Four Tips to Make Networking a Less Frightening Experience

Networking is defined by the Collins English Dictionary as the process of “forming business connections and contacts through informal social meetings”. This concept often frightens young professionals and it is understandable if you are not familiar with the idea of entering a room full of individuals that you are not acquainted with. However, the skill of building professional and personal connections with others is an essential skill for any legal professional and it is therefore a skill that any trainee solicitor must begin to develop. I have compiled a list of my top four tips to make the most out of networking events as a trainee solicitor below:

1. Fail to prepare, prepare to fail!

Prior to the event, the organiser will almost always send out a list of delegates attending the event. Be sure to review this list, research who will be there in advance and make a note of who you would like to talk to. Do not hesitate to carry out a brief search of these individuals on Google or LinkedIn beforehand as this may assist you in subtly guiding any conversation with them at the event.

2. Be yourself and learn from those around you

Networking is a skill, and this is something you will be able to develop with both time and experience. I understand that often the most daunting aspect of networking is what you should be talking about. I suggest that you avoid overthinking this question and quite simply just be yourself. Networking is about forming connections with real people on both a personal and professional level. Do not underestimate the power of a recent news headline, a favourite sports team or hobby to get a conversation flowing.

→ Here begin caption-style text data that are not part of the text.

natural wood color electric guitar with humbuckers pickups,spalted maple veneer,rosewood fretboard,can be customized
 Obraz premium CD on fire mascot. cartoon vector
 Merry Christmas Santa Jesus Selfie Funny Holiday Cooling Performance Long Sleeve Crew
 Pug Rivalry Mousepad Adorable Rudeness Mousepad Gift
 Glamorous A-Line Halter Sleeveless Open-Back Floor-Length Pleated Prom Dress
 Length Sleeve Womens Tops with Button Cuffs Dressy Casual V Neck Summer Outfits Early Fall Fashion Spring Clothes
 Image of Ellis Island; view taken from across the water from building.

3. Practice, practice practice

After your first networking event, you may feel disheartened if all of the individuals in the room appeared to have well-established connections already. My number one tip would be to not give up as understanding the art of networking takes time, effort and practice. I recommend signing up to any networking opportunities presented to you and I guarantee that over time you will slowly feel more at ease and in time you may well become one of the individuals with many well-established connections that you previously admired.

4. Remember to follow up

You will speak to many individuals at networking events and it is important to ensure that you are remembered. My top tip in this regard would be to ensure you always have your business cards to hand so you are able to exchange cards with those you engage with. Following the event, a simple email or LinkedIn connection can go a long way.

You never know who you might meet at a networking event, and so there are always worth going to as you may meet someone interesting or useful. And if you don’t, you’ll at least have had some another chance to practice your networking technique!